RAIN in the Pass generally means Tremadoc. But where do you go if it’s raining at Tremadoc... Portmadoc café?... home? Of course not; you are hard and the logical thing to do is visit Hyll Drem.
As you peer at the approaching cliff through the deluge pouring down the minibus windows, you suddenly realise that you’re not hard after all.
"What do you think?"
"Looks manky."
"The Girdle’s supposed to be protected by the overhangs."
"Hmm. Well, we can always take a look at it."
... which, roughly translated, means that the pair of you are thoroughly frightened at the prospect and want nothing more than to escape from the rain into the beckoning café.
Hurrying now to forget the pangs which are gripping your stomach, you trot off painfully in the direction of the cliff, clad in a deceptively impressive tangle of ironmongery and string. As the cliff approaches, the pangs increase in intensity – a sure sign of your confidence.
... A motley crowd, the C.U.M.C., and peasants all, wandering in predatory gangs around the bases of crags, hurling abuse at gripped leaders; the situation looks ominous when, as you rope up, half a dozen of the more prominent festerers sit purposefully on the wall by the road.

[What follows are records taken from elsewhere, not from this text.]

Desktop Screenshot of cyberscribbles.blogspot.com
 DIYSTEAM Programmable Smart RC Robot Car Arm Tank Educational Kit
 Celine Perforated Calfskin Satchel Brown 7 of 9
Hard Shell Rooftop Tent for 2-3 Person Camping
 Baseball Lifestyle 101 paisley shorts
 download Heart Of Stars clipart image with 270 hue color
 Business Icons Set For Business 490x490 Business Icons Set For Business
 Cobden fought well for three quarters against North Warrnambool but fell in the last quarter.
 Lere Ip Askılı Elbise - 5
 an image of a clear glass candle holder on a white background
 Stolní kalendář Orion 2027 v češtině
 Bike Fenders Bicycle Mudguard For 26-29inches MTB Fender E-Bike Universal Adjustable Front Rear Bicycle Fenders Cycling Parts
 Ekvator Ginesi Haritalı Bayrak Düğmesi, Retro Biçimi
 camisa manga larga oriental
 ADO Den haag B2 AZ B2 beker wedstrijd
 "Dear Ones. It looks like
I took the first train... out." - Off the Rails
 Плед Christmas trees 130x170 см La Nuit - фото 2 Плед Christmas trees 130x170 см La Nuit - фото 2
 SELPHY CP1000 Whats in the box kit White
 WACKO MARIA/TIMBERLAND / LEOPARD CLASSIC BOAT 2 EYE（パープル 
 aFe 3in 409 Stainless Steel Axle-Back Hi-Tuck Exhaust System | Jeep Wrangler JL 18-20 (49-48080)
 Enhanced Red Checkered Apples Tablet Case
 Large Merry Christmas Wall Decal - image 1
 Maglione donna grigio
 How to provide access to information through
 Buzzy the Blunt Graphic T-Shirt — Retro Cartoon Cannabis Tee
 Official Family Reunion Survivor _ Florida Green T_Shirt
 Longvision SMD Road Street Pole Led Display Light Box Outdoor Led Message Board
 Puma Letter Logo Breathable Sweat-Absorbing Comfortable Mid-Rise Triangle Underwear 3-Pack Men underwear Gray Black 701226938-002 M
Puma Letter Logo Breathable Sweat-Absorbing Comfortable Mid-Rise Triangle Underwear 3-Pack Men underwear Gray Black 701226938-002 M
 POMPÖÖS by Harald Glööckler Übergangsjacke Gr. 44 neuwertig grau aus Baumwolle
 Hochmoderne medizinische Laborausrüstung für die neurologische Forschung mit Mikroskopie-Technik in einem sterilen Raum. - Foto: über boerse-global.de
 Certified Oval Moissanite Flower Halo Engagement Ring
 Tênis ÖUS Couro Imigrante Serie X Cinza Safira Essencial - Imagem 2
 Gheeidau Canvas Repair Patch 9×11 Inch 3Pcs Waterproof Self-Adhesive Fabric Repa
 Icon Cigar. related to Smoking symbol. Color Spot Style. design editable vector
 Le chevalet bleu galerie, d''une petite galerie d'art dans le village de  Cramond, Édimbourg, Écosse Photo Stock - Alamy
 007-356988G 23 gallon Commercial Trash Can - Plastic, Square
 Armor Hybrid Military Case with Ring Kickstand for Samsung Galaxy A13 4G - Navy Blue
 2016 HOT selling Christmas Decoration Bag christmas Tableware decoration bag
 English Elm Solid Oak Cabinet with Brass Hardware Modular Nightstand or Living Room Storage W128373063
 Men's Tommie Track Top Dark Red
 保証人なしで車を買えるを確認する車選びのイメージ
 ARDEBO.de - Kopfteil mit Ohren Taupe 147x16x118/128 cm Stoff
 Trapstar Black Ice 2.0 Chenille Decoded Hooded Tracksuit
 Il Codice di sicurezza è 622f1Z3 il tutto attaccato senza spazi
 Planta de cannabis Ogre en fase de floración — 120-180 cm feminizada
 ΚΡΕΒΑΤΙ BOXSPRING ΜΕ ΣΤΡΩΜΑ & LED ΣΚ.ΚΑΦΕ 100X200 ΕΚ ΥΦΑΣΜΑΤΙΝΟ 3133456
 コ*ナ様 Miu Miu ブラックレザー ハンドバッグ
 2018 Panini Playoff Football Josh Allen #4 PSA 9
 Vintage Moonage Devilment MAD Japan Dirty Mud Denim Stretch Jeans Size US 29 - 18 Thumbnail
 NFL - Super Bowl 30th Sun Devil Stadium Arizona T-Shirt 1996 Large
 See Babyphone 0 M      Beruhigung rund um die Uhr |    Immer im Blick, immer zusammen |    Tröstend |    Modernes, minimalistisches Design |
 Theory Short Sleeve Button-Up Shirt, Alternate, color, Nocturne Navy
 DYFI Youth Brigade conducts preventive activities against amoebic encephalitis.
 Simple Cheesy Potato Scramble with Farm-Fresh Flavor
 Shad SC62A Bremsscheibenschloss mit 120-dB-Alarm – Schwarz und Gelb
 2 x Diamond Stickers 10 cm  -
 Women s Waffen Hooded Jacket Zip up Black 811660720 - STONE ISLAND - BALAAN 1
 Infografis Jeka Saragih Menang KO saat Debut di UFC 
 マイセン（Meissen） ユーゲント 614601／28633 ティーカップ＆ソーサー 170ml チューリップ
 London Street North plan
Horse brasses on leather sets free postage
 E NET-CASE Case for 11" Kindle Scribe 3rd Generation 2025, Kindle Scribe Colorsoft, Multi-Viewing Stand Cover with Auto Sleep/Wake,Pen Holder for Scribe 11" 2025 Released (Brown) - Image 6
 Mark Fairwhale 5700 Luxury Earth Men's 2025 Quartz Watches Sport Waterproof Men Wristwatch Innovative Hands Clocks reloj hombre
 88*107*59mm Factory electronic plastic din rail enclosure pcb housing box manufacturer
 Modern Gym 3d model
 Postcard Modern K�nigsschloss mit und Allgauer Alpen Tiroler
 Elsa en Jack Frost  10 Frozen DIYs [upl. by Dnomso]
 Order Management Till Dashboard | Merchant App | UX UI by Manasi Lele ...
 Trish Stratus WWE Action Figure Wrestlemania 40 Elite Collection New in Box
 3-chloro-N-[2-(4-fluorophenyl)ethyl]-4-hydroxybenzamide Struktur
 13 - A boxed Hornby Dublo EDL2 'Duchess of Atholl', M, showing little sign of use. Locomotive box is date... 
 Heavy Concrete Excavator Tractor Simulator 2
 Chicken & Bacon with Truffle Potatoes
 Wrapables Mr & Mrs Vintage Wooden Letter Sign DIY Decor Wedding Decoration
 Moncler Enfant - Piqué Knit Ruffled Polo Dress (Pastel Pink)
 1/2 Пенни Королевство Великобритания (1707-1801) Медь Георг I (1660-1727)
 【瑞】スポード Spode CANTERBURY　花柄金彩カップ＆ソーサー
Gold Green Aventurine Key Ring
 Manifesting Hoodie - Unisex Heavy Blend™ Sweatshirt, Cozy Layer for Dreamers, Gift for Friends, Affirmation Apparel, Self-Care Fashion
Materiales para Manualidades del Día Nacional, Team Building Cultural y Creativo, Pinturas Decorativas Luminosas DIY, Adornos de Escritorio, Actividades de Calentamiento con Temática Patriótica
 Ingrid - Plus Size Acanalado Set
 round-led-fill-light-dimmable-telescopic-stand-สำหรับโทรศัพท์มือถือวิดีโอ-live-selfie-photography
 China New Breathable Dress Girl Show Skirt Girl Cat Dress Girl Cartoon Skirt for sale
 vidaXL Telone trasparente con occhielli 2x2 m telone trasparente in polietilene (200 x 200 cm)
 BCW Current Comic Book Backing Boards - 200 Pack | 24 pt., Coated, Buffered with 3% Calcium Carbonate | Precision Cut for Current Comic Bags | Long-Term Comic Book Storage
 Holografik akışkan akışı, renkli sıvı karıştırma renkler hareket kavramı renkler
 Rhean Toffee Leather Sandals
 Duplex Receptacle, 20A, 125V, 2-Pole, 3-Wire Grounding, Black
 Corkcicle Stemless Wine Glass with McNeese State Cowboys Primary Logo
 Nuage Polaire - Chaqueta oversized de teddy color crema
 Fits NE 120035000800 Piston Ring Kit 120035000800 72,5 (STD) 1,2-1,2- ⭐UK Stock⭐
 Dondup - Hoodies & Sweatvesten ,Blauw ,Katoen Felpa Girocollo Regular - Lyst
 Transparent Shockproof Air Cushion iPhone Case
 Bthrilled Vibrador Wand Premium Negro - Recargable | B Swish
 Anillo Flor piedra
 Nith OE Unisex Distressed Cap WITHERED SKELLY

You want to unrope again quickly when you realise that the waterfall gushing down your neck is falling from the overhangs above, and that you are standing several feet from the base of the climb.
At least performing seals don’t feel the cold.
The ordeal begins: the rock is easy to start and some of the vultures disappear to fester around the corner. The crux arrives quickly and feels embarrassingly thin after the glorious juggies before it. Ten minutes spent tiring yourself out arranging protective devices in various unobliging orifices and all you need now to complete the move is a bit of push. You bridge up and lean out, And yourself in an irreversible position, and after a couple of moments’ advanced grippery, you paddle and heave in the most ungainly fashion around the protruding bulge. Fortunately the jams are good and she goes.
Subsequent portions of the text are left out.